Referring to FIG. 1B, on the left side region of the force sensing device 1, the first substrate 11 may have a plurality of openings 161 to 16N arranged in a column, the first electrodes 120 to 12N may be formed on the first substrate 11 and coupled to the sensor array 10 through gaps between the plurality of openings 161 to 16N, the second substrate 13 may have a slit S1 formed above the plurality of openings 161 to 16N and gaps between the plurality of openings 161 to 16N, respectively, and the plurality of first insulation layers 150 to 15N may be formed across the slit S1, between the first electrodes 120 to 12N and the second substrate 13 and between the plurality of openings 161 to 16N, respectively. In one example, a first insulation layer 15n may be formed across the slit S1, between the first electrode 12n and the second substrate 13, and between the openings 16n and 16(n+1), n being a positive integer between 1 and N−1. The plurality of first insulation layers 150 to 15N may prevent the first electrodes 120 to 12N from being exposed to the external environment and ensure the normal operations of the first electrodes 120 to 12N. The first electrodes 120 to 12N may be coupled to the sensor array 10 and the controller, and the controller may detect a force applied to the sensor array 10 according to signals delivered by the first electrodes 120 to 12N. The force sensing device 1 is foldable along the plurality of openings 161 to 16N and the slit S1. When being folded, the plurality of openings 161 to 16N and the slit S1 may effectively reduce a bending stress owing to the fold, resulting in a compact and seamless structure, enhancing flexibility of tiling a plurality of the force sensing devices 1, without affecting the sensor pitch and operations of sensing pixels 8 in the proximity to the fold and signal delivery of the first electrodes 120 to 12N.

Referring to FIG. 1C, on the bottom side region of the force sensing device 1, the second substrate 13 may have a plurality of openings 181 to 18M arranged in a row, the second electrodes 140 to 14M may be formed on the second substrate 13 and coupled to the sensor array 10 and the controller through gaps between the plurality of openings 181 to 18M, the first substrate 11 may have a slit S2 formed below the plurality of openings 181 to 18M and gaps between the plurality of openings 181 to 18M, respectively, and the plurality of second insulation layers 170 to 17M may be formed between the second electrodes 140 to 14M and the first substrate 11, across the slit S2, and between the plurality of openings 181 to 18M, respectively.

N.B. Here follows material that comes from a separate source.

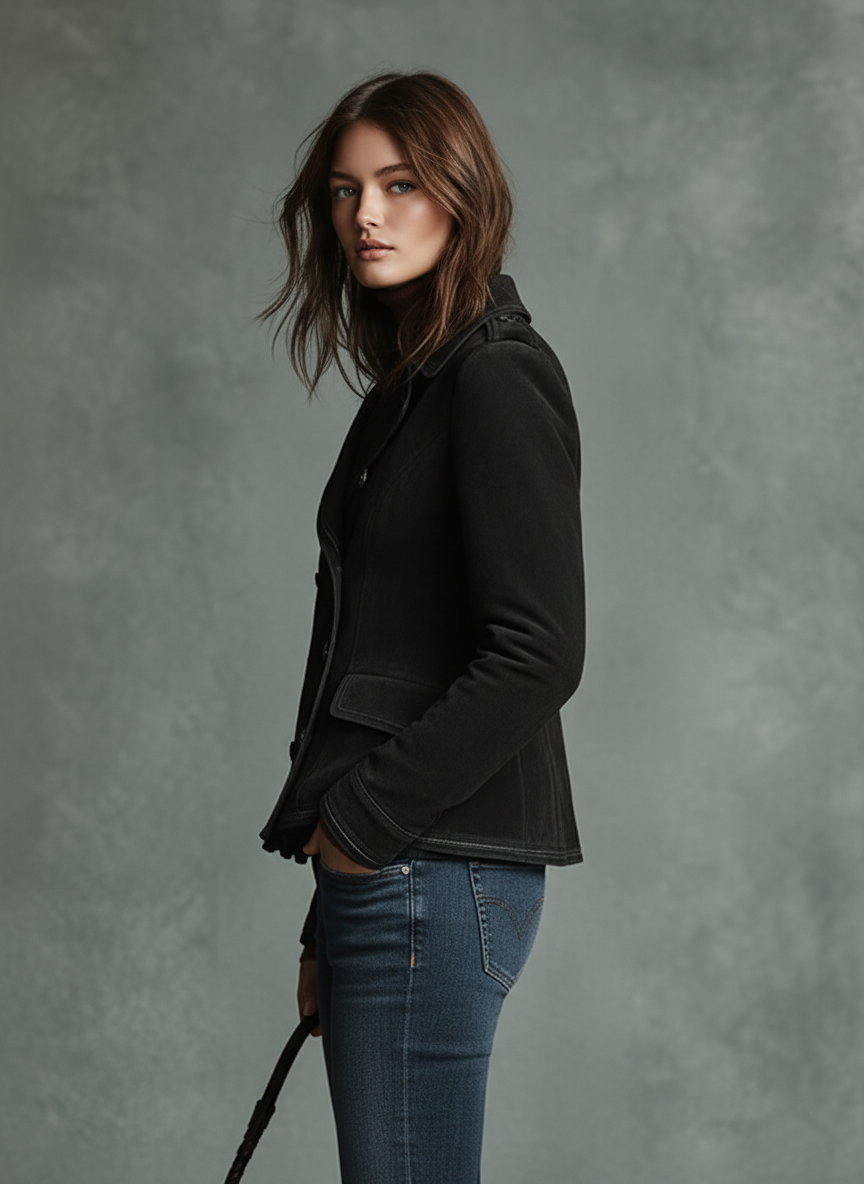 Women's Retro Double-Breasted Emblem Faux Suede Jacket MDA2864J4Y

In one example, a second insulation layer 17n may be formed across the slit S2, between the second electrode 14n and the first substrate 11, and between the openings 18m and 18(m+1), m being a positive integer between 1 and M−1. The plurality of second insulation layers 170 to 17M may prevent the second electrodes 140 to 14M from being exposed to the external environment and ensure the normal operations of the second electrodes 140 to 14M. The second electrodes 140 to 14M may be coupled to the sensor array 10 and the controller, and the controller may detect a force applied to the sensor array 10 according to signals delivered by the second electrodes 140 to 14M. The force sensing device 1 is foldable along the plurality of openings 181 to 18M and the slit S2. When being folded, the plurality of openings 181 to 18M and the slit S2 may effectively reduce a bending stress owing to the fold, resulting in a compact and seamless structure, enhancing flexibility of tiling a plurality of the force sensing devices 1, without affecting the sensor pitch and operations of sensing pixels 8 in the proximity to the fold and signal delivery of the second electrodes 140 to 14M.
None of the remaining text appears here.